Sunday, July 01, 2012

Doubt’s boundless sea


A poem for all those who, sometimes, fear that it is not just politicians whose lives or careers end in failure, that Reason leads us to the wrong conclusion ‘fifty times for one’ while we spend most of our time lost in ‘error’s fenny bogs & thorny brakes.’

There is always the reassurance that books will bear you up & a reminder that, aeons before the age of rubber rings or plastic water wings or arm bands, bladders were always there to give service as buoyancy aids to the unconfident swimmer.

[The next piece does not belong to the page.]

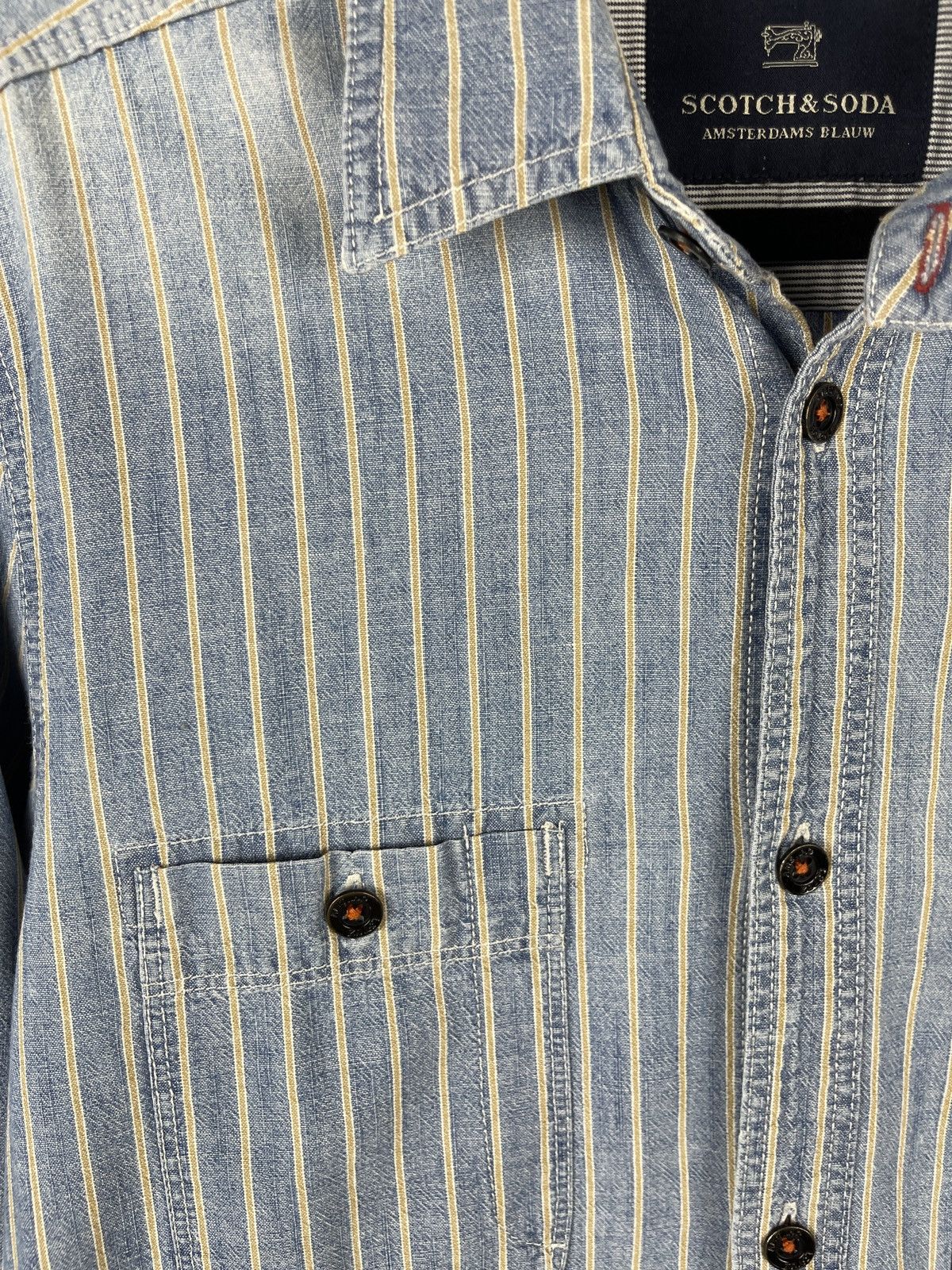 Scotch & Soda Scotch & Soda Rise’n Shine denim striped faded distressed Size US M / EU 48-50 / 2 - 9 Thumbnail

Was Charles Babbage familiar with the image of Man (or his mind) as a ‘reasoning engine’?

Homo Sapiens

Were I (who to my cost already am
One of those strange, prodigious creatures, man)
A spirit free to choose, for my own share,
What case of flesh & blood I pleased to wear,
I’d be a dog, a monkey, or a bear,
Or anything but that vain animal
Who is so proud of being rational.
The senses are too gross, & he’ll contrive
A sixth, to contradict the other five,
And before certain instinct, will prefer
Reason, which fifty times for one does err;
Reason, an ignis fatuus in the mind,
Which, leaving light of nature, sense, behind,
Pathless & dangerous wandering ways it takes
Through error’s fenny bogs & thorny brakes;
Whilst the misguided follower climbs with pain
Mountains of whimseys, heaped in his own brain;
Stumbling from thought to thought, falls headlong down
Into doubt’s boundless sea, where, like to drown,
Books bear him up awhile, & make him try
To swim with bladders of philosophy;
In hopes still to o’ertake the escaping light,
The vapour dances in his dazzling sight
Till, spent, it leaves him to eternal night,
Then old age & experience, hand in hand,
Lead him to death, & make him understand,
After a search so painful & so long,
That all his life he has been in the wrong.
Huddled in dirt the reasoning engine lies,
Who was so proud, so witty, & so wise.